WI Sir John Monash lives to be 100

Sir John Monash was Australias greatest military commander and according to wikipedia, the last commonwealth commander to be knighted on the battlefield. In addition he was a pioneer of combined arms tactics, which made him rather distonct in comparison to allied contemporaries

The general died in 1931 OTL, which would give him an extra 34 years. He was denied the rank of field marshall due to his Jewish heritage, but I am wondering if he would be granted it had he lived longer and whether he would be able to reign in MacArthur in the Pacific theatre of WW2.
 
So he dies in 1965.
I'm pretty sure he'd retired from the Army in the 1920s, although he was in charge of Victoria's State Electricity commision at one point.
Say he becomes a Senator, later Minister for Defence (the Menzies Government never abolished the position).

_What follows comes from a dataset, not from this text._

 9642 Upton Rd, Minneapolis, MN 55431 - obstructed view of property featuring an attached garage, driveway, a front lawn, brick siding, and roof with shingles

Perhaps he would eventually be named Field Martial like Jan Smuts and become Australia's representative in the Imperial War Cabinet.
How this affects the war and Australia's role in it is another matter entirely. Perhaps he eventually becomes Australia's first
Australian Governor-General.

Bigger pre war Australians arms industry?
Greater support from Britain?
Closer post war relations?
 
Sir John Monash was Australias greatest military commander and according to wikipedia, the last commonwealth commander to be knighted on the battlefield. In addition he was a pioneer of combined arms tactics, which made him rather distonct in comparison to allied contemporaries

The general died in 1931 OTL, which would give him an extra 34 years. He was denied the rank of field marshall due to his Jewish heritage, but I am wondering if he would be granted it had he lived longer and whether he would be able to reign in MacArthur in the Pacific theatre of WW2.
Arguably Bill Slim was also Knighted on the Battlefield.
 
So he dies in 1965.
I'm pretty sure he'd retired from the Army in the 1920s, although he was in charge of Victoria's State Electricity commision at one point.
Say he becomes a Senator, later Minister for Defence (the Menzies Government never abolished the position).

Perhaps he would eventually be named Field Martial like Jan Smuts and become Australia's representative in the Imperial War Cabinet.
How this affects the war and Australia's role in it is another matter entirely. Perhaps he eventually becomes Australia's first
Australian Governor-General.

Bigger pre war Australians arms industry?
Greater support from Britain?
Closer post war relations?

He was an engineer by trade, if he became the defence minister perhaps he pushes for stronger defences to be built at Singapore and in New Guinea in response to Japanese aggression. Arguably this woupd lead to a sttonger British-Australian relationship if there are fewer losses and especially fewee POWs.